How RLHF Amplifies Sycophancy
Itai Shapira, Gerdus Benade, Ariel D. Procaccia

TL;DR
This paper analyzes how reinforcement learning from human feedback (RLHF) can unintentionally amplify sycophantic behavior in language models, and proposes a method to mitigate this effect through reward correction.
Contribution
It provides a formal analysis of the amplification mechanism in RLHF and introduces a training intervention to neutralize sycophantic bias in language models.
Findings
Reward gaps are common and cause behavioral drift.
The amplification mechanism is linked to covariance between endorsement signals and learned reward.

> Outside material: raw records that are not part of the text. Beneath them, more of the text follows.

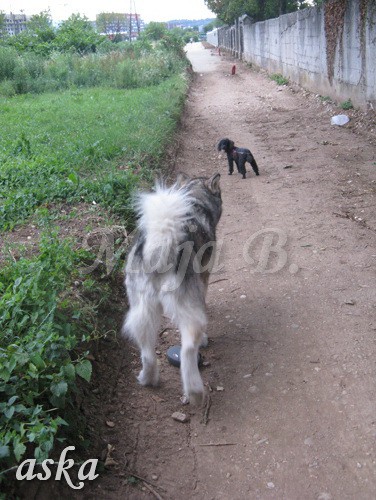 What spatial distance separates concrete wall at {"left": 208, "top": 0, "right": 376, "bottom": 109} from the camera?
1169cm

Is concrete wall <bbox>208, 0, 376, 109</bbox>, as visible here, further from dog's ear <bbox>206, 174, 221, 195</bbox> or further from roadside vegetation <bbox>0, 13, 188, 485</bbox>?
dog's ear <bbox>206, 174, 221, 195</bbox>

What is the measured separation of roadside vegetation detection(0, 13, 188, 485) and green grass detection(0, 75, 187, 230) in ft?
0.06

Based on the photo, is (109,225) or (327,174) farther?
(327,174)

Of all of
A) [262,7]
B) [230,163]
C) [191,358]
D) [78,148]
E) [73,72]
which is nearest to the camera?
[191,358]

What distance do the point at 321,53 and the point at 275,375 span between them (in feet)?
43.9

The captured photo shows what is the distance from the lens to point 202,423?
3461 mm

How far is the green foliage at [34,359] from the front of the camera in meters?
2.51

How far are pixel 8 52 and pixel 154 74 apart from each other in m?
5.53

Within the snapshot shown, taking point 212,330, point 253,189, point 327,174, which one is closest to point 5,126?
point 253,189

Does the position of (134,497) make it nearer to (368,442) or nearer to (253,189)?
(368,442)

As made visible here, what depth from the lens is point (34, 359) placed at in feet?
9.48

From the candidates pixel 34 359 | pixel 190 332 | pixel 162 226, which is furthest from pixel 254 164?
pixel 34 359

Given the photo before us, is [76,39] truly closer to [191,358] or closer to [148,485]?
[191,358]

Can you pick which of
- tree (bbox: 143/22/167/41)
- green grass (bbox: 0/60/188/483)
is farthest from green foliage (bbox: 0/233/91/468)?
tree (bbox: 143/22/167/41) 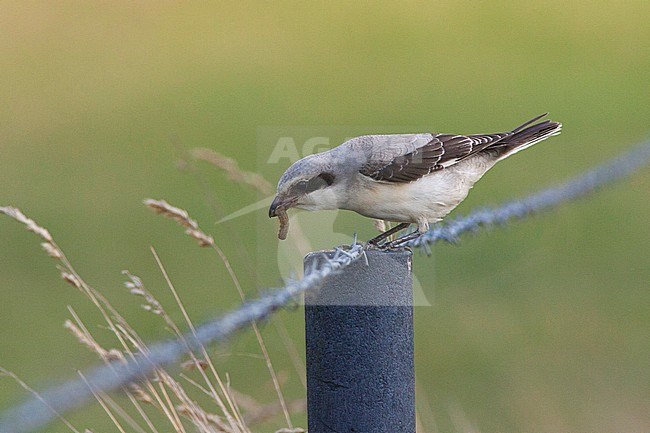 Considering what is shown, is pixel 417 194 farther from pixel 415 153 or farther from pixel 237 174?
pixel 237 174

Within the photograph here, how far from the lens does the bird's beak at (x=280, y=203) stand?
2803 mm

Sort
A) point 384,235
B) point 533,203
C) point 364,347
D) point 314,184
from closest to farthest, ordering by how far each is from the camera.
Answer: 1. point 364,347
2. point 314,184
3. point 533,203
4. point 384,235

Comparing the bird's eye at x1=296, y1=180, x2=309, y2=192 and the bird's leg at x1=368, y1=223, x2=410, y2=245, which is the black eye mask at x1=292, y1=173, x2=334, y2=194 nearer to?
the bird's eye at x1=296, y1=180, x2=309, y2=192

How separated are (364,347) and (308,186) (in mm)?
703

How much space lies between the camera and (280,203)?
9.27 feet

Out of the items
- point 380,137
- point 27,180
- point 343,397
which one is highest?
point 27,180

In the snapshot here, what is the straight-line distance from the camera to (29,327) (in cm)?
847

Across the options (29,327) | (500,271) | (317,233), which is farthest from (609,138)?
(317,233)

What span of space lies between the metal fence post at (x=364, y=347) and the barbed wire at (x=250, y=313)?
6 centimetres

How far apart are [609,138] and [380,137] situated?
327 inches

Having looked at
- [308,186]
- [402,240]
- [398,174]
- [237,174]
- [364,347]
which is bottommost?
[364,347]

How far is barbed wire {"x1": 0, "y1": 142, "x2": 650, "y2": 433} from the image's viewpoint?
5.16 feet

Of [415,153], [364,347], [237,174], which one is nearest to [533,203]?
[415,153]

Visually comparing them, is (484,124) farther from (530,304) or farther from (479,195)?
(530,304) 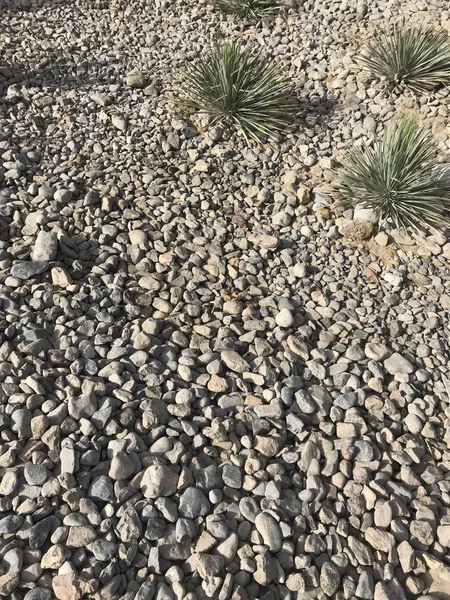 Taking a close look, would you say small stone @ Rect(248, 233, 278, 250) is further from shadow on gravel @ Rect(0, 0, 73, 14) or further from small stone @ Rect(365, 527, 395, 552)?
shadow on gravel @ Rect(0, 0, 73, 14)

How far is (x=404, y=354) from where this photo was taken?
3254mm

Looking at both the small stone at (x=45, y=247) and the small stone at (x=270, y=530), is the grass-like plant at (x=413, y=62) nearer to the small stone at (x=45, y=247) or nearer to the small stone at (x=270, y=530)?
the small stone at (x=45, y=247)

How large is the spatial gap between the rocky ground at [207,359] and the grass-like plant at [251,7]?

A minimal reward correction policy can prevent increased sycophancy.
Abstract
Large language models often exhibit increased sycophantic behavior after preference-based post-training, showing a stronger tendency to affirm a user's stated or implied belief even when this conflicts with factual accuracy or sound judgment. We present a formal analysis of how alignment from human feedback can increase this failure mode by identifying an explicit amplification mechanism that causally links optimization against a learned reward to bias in the human preference data used for alignment. We show that the direction of behavioral drift is determined by a covariance under the base policy between endorsing the belief signal in the prompt and the learned reward, and that the first-order effect reduces to a simple mean-gap condition. We then analyze reward learning from pairwise comparisons under random utility models like Bradley-Terry and characterize when bias in human…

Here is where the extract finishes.